Jacquemus veut désormais aussi vendre des vêtements, plus travaillés, et de meilleure qualité. « Cela veut dire augmenter les prix, concède le designer. Mais cela ne signifie pas que je vais arrêter de faire des robes simples en jersey, plus accessibles. » En période de crise économique et en l’absence d’investisseurs, il est raisonnable de ne pas mettre tous ses œufs dans le même panier.
D’autant que monter en gamme ne se fera pas d’un claquement de doigts : il faudra plusieurs saisons à Jacquemus pour trouver les bons fournisseurs et fabricants, qui sont déjà préemptés par les grands groupes. Le designer admet qu’il lui « reste beaucoup de savoir-faire à acquérir », mais, avec l’art du storytelling qui le caractérise, promet aussi qu’il va « passer tout le reste de [sa] vie à faire de meilleurs produits ».

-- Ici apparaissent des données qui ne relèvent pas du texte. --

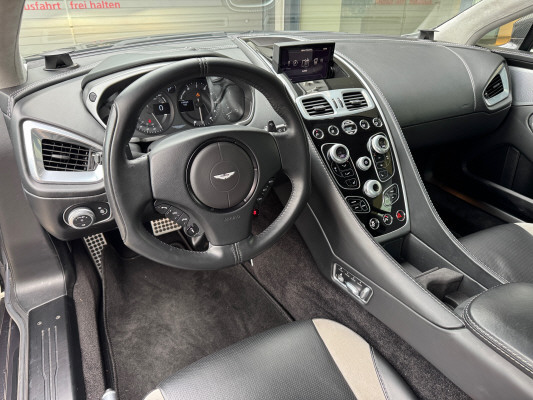 ASTON MARTIN Vanquish V12 5.9-48 Touchtronic 2-image-8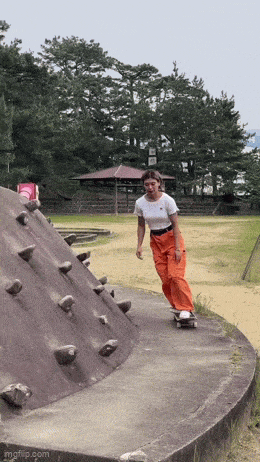 Acid GIFs, September 9 (25 gifs) Acid GIFs, September 9 (25 gifs)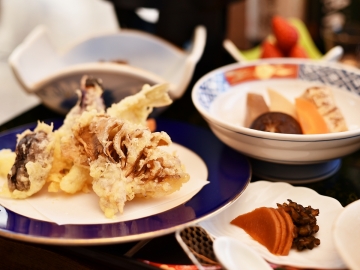 *【夕食】温泉とともに記憶に残る、静かな贅沢のひととき。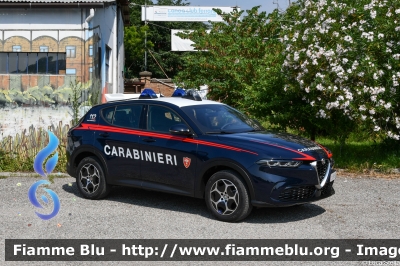 Alfa Romeo Tonale
Carabinieri
Nucleo Operativo Radiomobile
Allestimento FCA
CC EN 892

si ringrazia l'Arma dei Carabinieri
per la disponibilità
Parole chiave: Alfa-Romeo Tonale CCEN892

« Je ne me considère pas comme une marque de luxe, mais peut-être que mes enfants la verront ainsi », devisait-il sur le toit de la villa Malaparte, devant ses quarante invités – parmi lesquels Gwyneth Paltrow, Dua Lipa ou Laetitia Casta. Il est difficile de prédire si le repositionnement de Jacquemus suffira à assurer la longévité de sa marque dans un univers aussi concurrentiel. En tout cas, à Capri, le designer a encore témoigné de sa capacité à mettre en scène des défilés hors du commun. Un talent convoité qu’il pourrait toujours proposer à la concurrence si jamais ses rêves de grandeur ne se réalisaient pas comme prévu.